## [DATASET RECORDS]
╭──
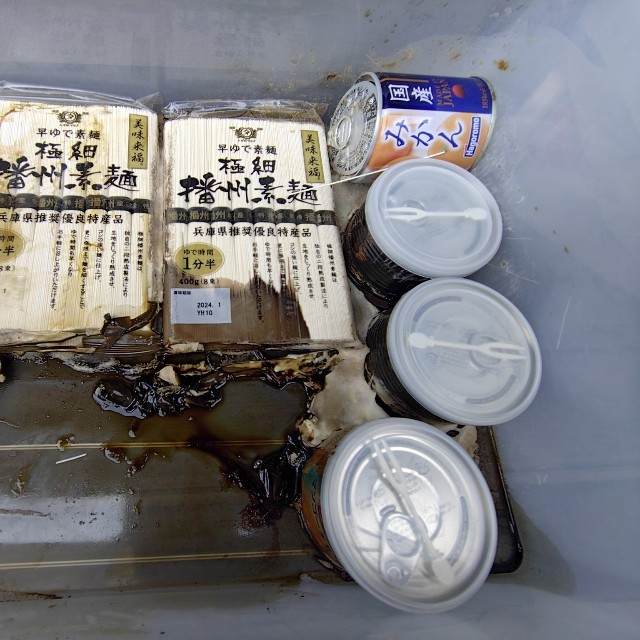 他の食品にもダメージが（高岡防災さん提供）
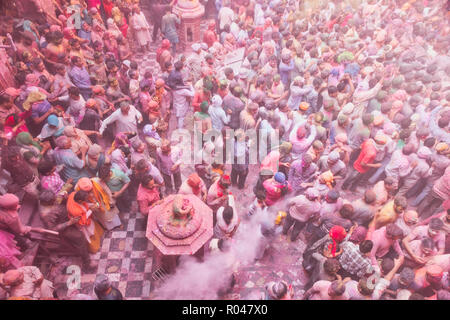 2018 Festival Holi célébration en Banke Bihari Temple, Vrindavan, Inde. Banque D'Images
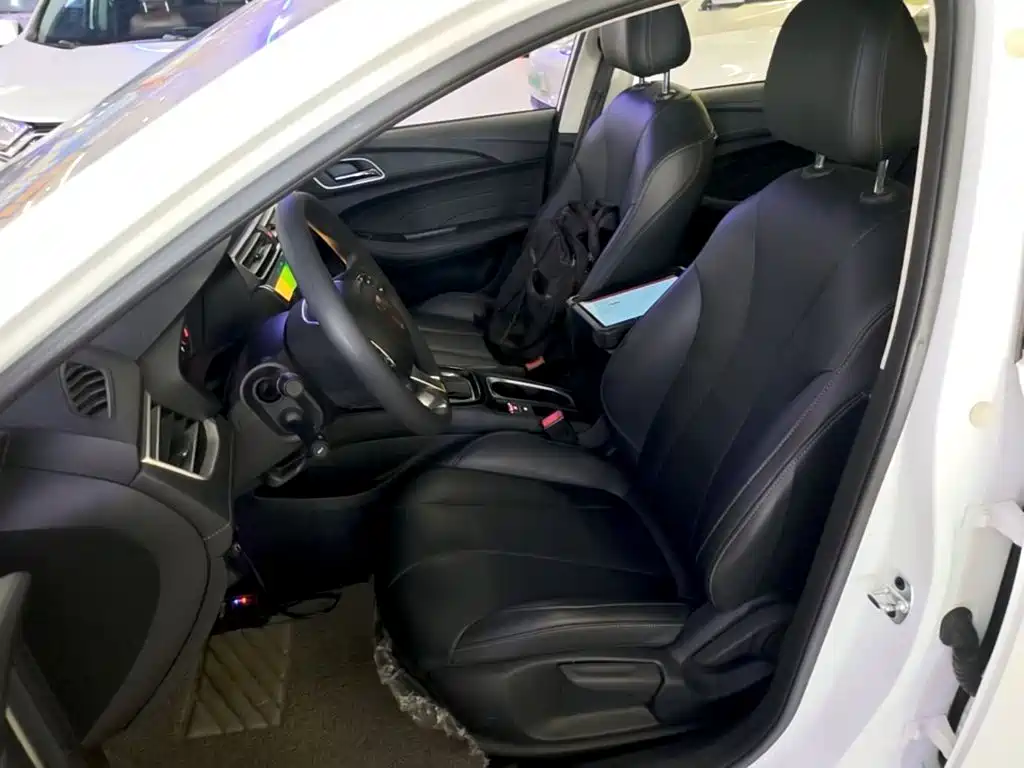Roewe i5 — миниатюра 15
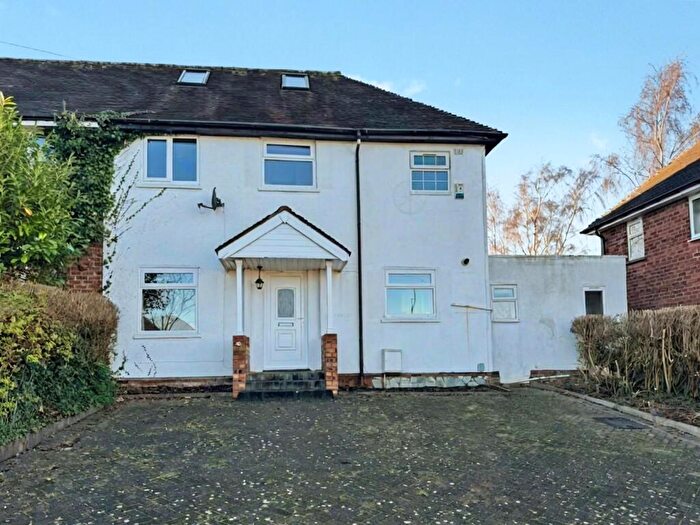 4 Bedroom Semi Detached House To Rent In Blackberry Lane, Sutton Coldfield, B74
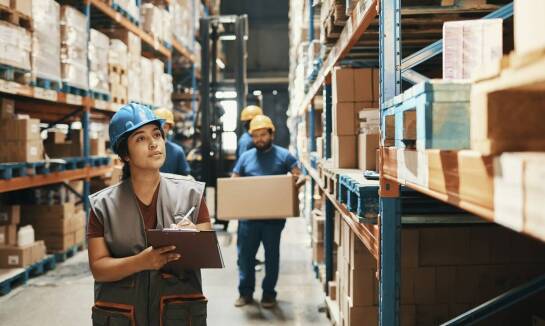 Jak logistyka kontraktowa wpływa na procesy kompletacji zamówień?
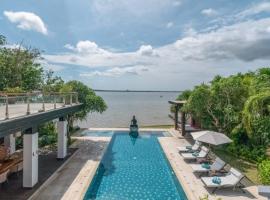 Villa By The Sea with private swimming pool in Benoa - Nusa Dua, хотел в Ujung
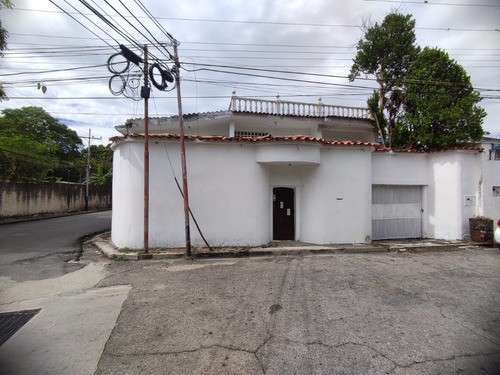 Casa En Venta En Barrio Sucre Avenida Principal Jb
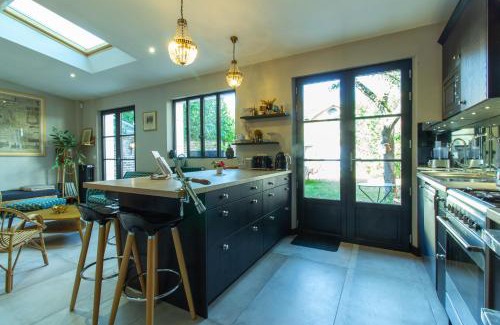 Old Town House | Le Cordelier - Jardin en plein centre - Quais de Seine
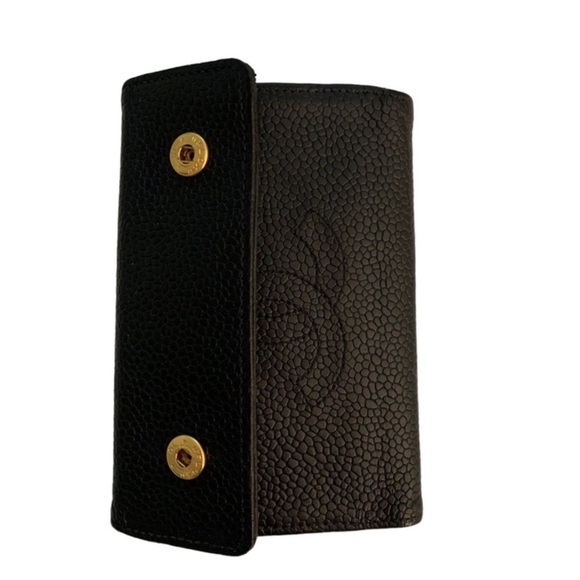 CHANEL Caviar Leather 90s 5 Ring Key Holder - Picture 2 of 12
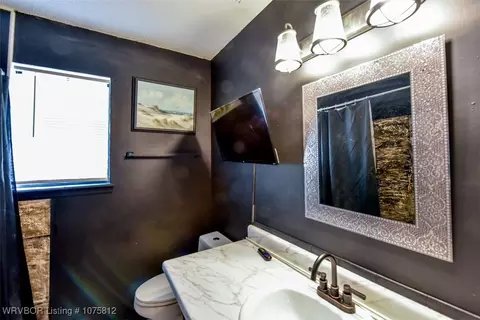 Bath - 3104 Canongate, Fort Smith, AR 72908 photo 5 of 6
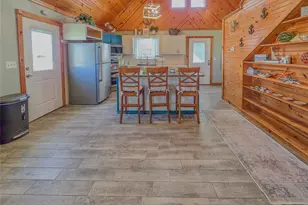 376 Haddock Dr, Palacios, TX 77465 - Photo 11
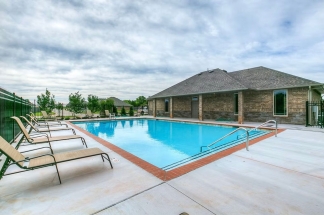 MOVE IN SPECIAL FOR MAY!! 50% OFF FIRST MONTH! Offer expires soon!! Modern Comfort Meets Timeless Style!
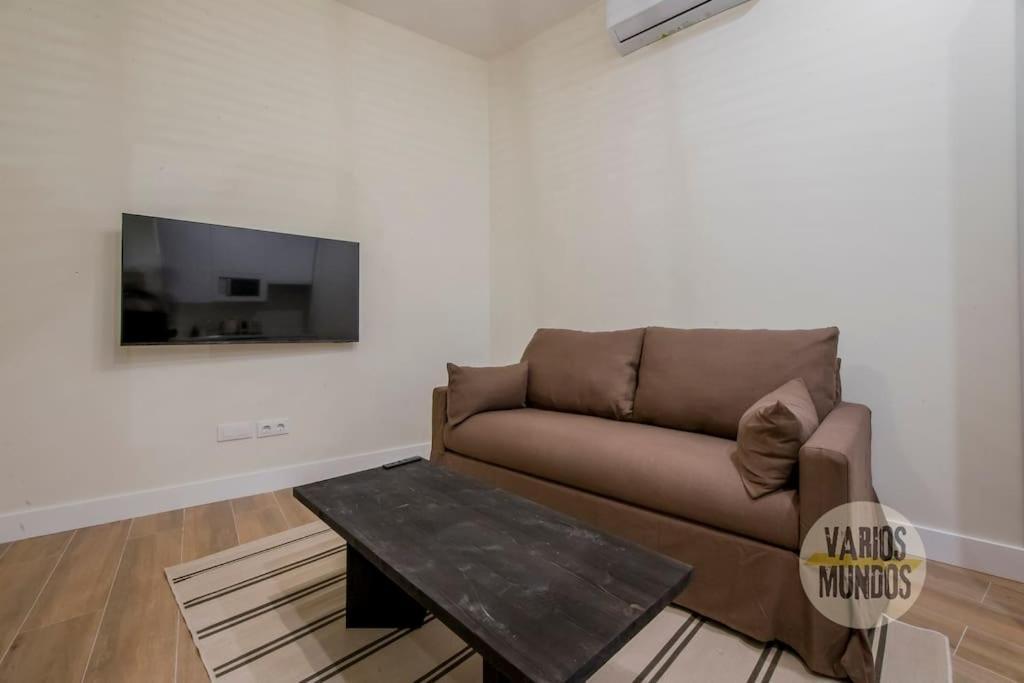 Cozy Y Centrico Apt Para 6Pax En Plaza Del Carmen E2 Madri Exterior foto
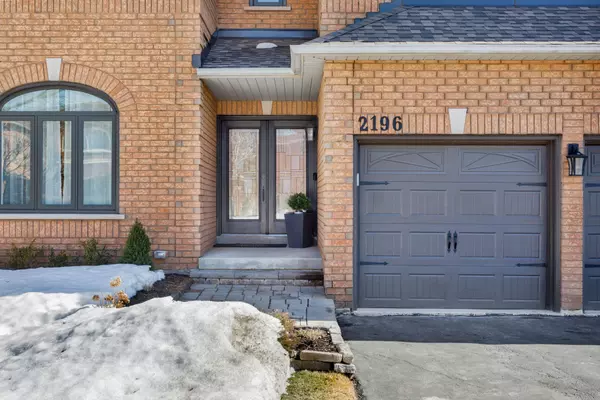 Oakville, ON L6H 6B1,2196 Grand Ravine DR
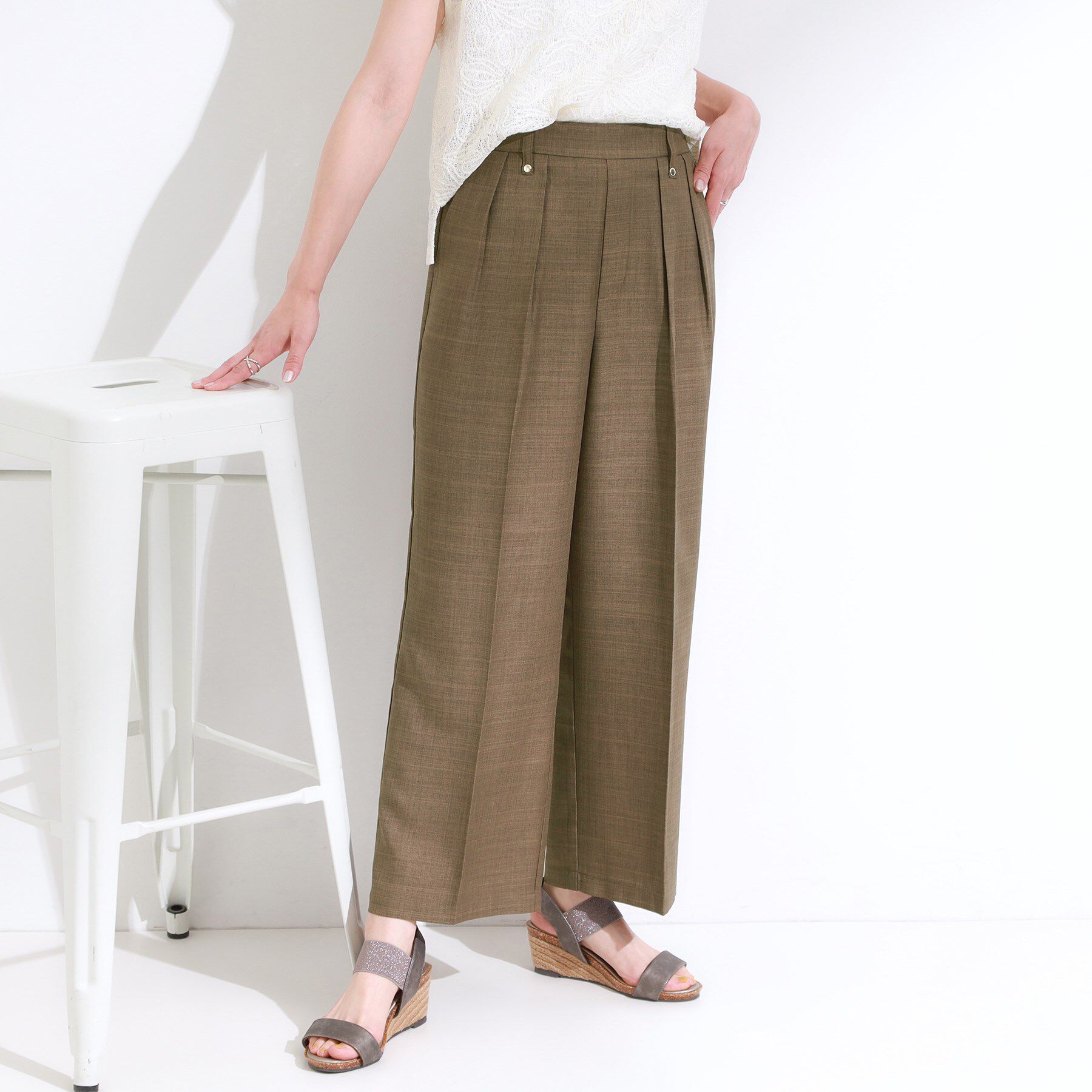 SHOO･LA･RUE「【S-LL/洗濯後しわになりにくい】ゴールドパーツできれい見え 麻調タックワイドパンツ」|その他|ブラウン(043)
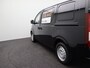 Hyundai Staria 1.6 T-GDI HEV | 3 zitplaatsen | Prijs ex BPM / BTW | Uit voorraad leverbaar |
╰──
## [YOUR TASK]
Only the wording of the records is wanted: copy it all exactly and omit the pictures.

## [RESPONSE TO THIS TASK]
 他の食品にもダメージが（高岡防災さん提供）
 2018 Festival Holi célébration en Banke Bihari Temple, Vrindavan, Inde. Banque D'Images
Roewe i5 — миниатюра 15
 4 Bedroom Semi Detached House To Rent In Blackberry Lane, Sutton Coldfield, B74
 Jak logistyka kontraktowa wpływa na procesy kompletacji zamówień?
 Villa By The Sea with private swimming pool in Benoa - Nusa Dua, хотел в Ujung
 Casa En Venta En Barrio Sucre Avenida Principal Jb
 Old Town House | Le Cordelier - Jardin en plein centre - Quais de Seine
 CHANEL Caviar Leather 90s 5 Ring Key Holder - Picture 2 of 12
 Bath - 3104 Canongate, Fort Smith, AR 72908 photo 5 of 6
 376 Haddock Dr, Palacios, TX 77465 - Photo 11
 MOVE IN SPECIAL FOR MAY!! 50% OFF FIRST MONTH! Offer expires soon!! Modern Comfort Meets Timeless Style!
 Cozy Y Centrico Apt Para 6Pax En Plaza Del Carmen E2 Madri Exterior foto
 Oakville, ON L6H 6B1,2196 Grand Ravine DR
 SHOO･LA･RUE「【S-LL/洗濯後しわになりにくい】ゴールドパーツできれい見え 麻調タックワイドパンツ」|その他|ブラウン(043)
 Hyundai Staria 1.6 T-GDI HEV | 3 zitplaatsen | Prijs ex BPM / BTW | Uit voorraad leverbaar |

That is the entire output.